Segundo dados enviados pela agência ao gabinete do parlamentar, a tarifa média da rota em junho saltou de R$ 663,35 em 2022 para R$ 1.352,19 em 2025 — alta superior a 100%. No mesmo período, a oferta de assentos caiu cerca de 42%, enquanto a Azul e sua subsidiária Azul Conecta passaram a concentrar a totalidade dos voos entre as duas cidades.

“O Festival de Parintins pertence ao povo do Amazonas, e ninguém pode ser impedido de viver a própria cultura porque uma passagem de uma hora custa milhares de reais”, declarou Amom.
O vereador Rodrigo Guedes (Progressistas) gravou vídeo direto do aeroporto Júlio Belém criticando os preços, que chegam a R$ 9,5 mil, e apontando a causa: a falta de infraestrutura para receber aeronaves maiores que o ATR (Avião de Transporte Regional) atualmente operado pela Azul. Para o vereador, cobrar a companhia aérea não resolve — é preciso ampliar a pista e a capacidade do aeroporto para atrair concorrência, além de viabilizar a operação comercial de táxis aéreos subsidiados.

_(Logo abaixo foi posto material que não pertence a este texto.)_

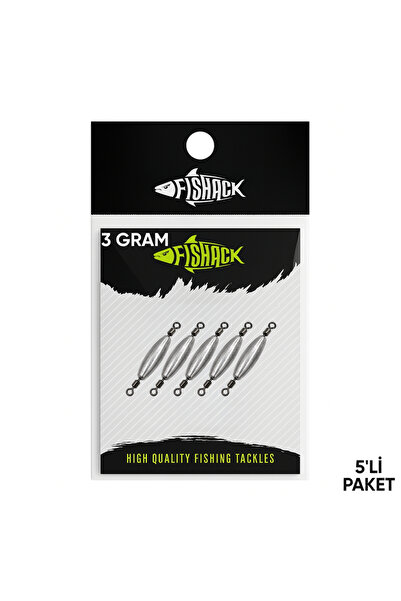 Fishack Çift Taraflı Fırdöndülü Kurşun - - 3 Gram (5'li)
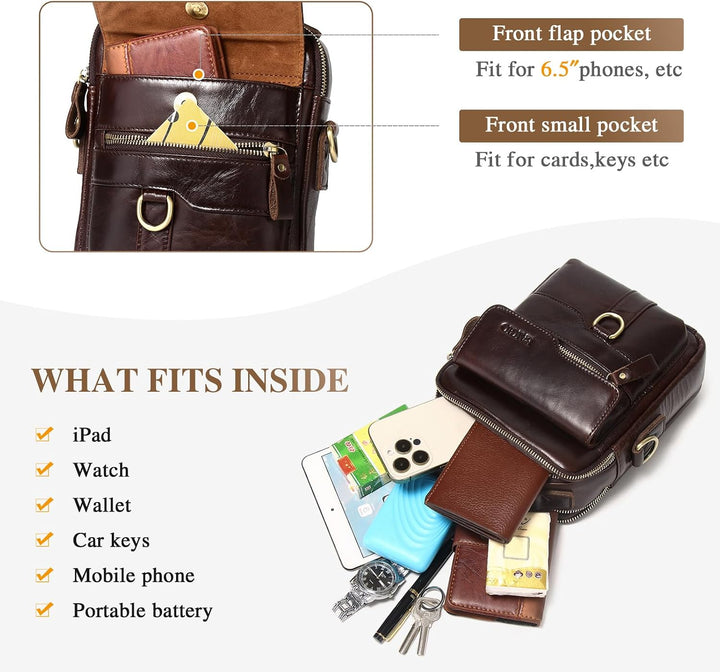 BAIGIO Schultertasche Herren Umhängetasche Leder Herrentasche Vintage Crossbody Messenger Bag für Ar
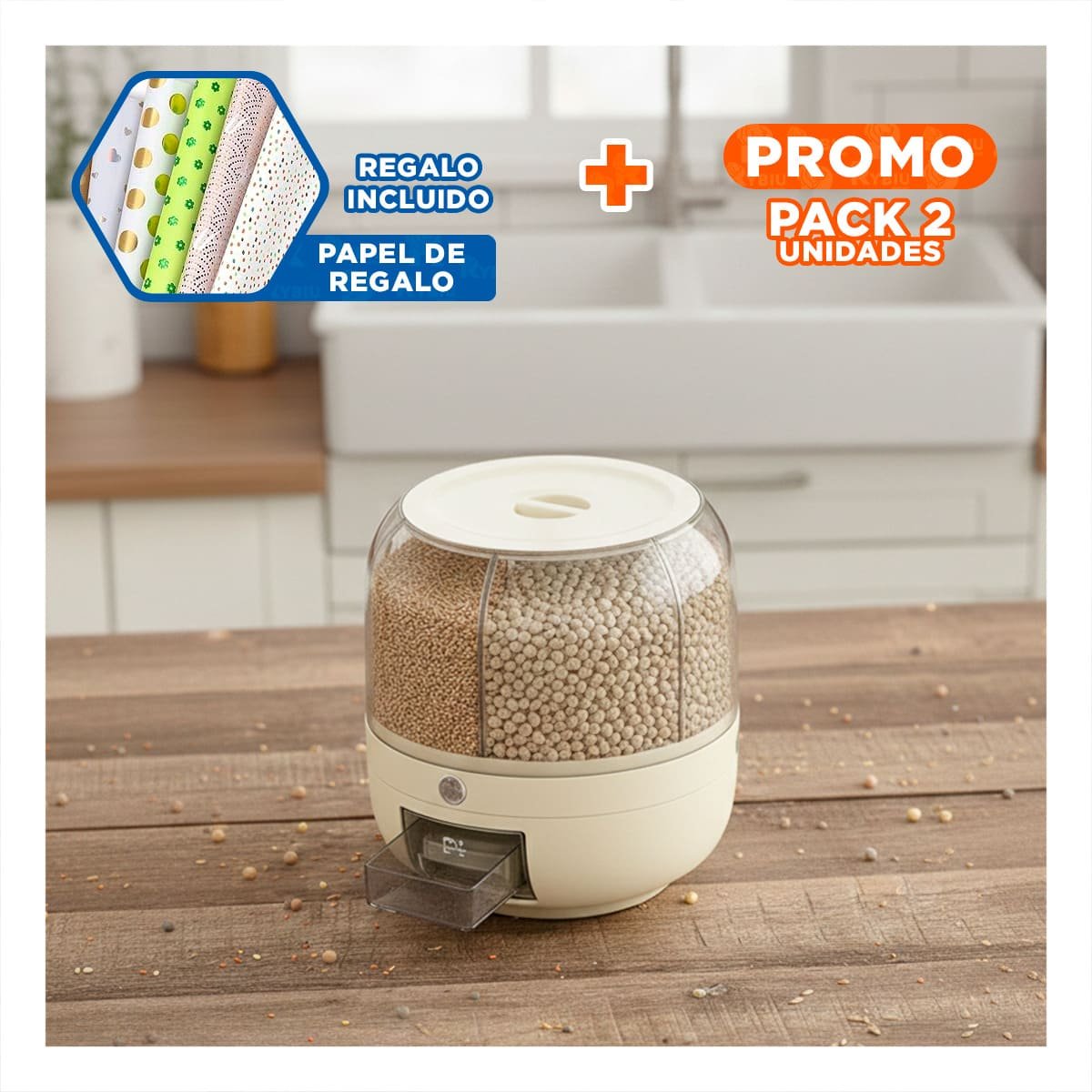 PACK2 CONTENEDOR DE GRANOS GIRATORIO COLOR CREMA DE 27X27CM FUNCIONAL DECORATIVO Y+PAPEL REGALO - 1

Outras agendas políticas no festival
O senador Eduardo Braga (MDB) chegou a Parintins para entregar a revitalização do Hospital Jofre Cohen e cumprir agenda de obras, incluindo Vila Amazônia, Porto do Mocambo, Porto de Parintins e o recapeamento da pista do Aeroporto Júlio Belém após o festival. Ele recebeu o presidente do Senado, Davi Alcolumbre (União Brasil).

O senador Omar Aziz (PSD) também esteve no Hospital Jofre Cohen, destacando emendas parlamentares destinadas à unidade, e recepcionou Alcolumbre e o ministro das Comunicações, Frederico de Siqueira Filho.
No campo eleitoral, Wilson Lima (União Brasil) reforça pré-campanha ao Senado associando sua imagem aos investimentos do festival, enquanto lideranças do PL (Partido Liberal) no Amazonas foram vistas em clima de proximidade com Roberto Cidade, repercutindo por contrastar com a cobrança de fidelidade partidária feita pela pré-candidata ao governo Maria do Carmo Seffair (PL).
Ficaram de fora o ex-prefeito de Manaus David Almeida (Avante), com conjuntivite viral, e o prefeito Renato Junior (Avante), que permanece em Manaus.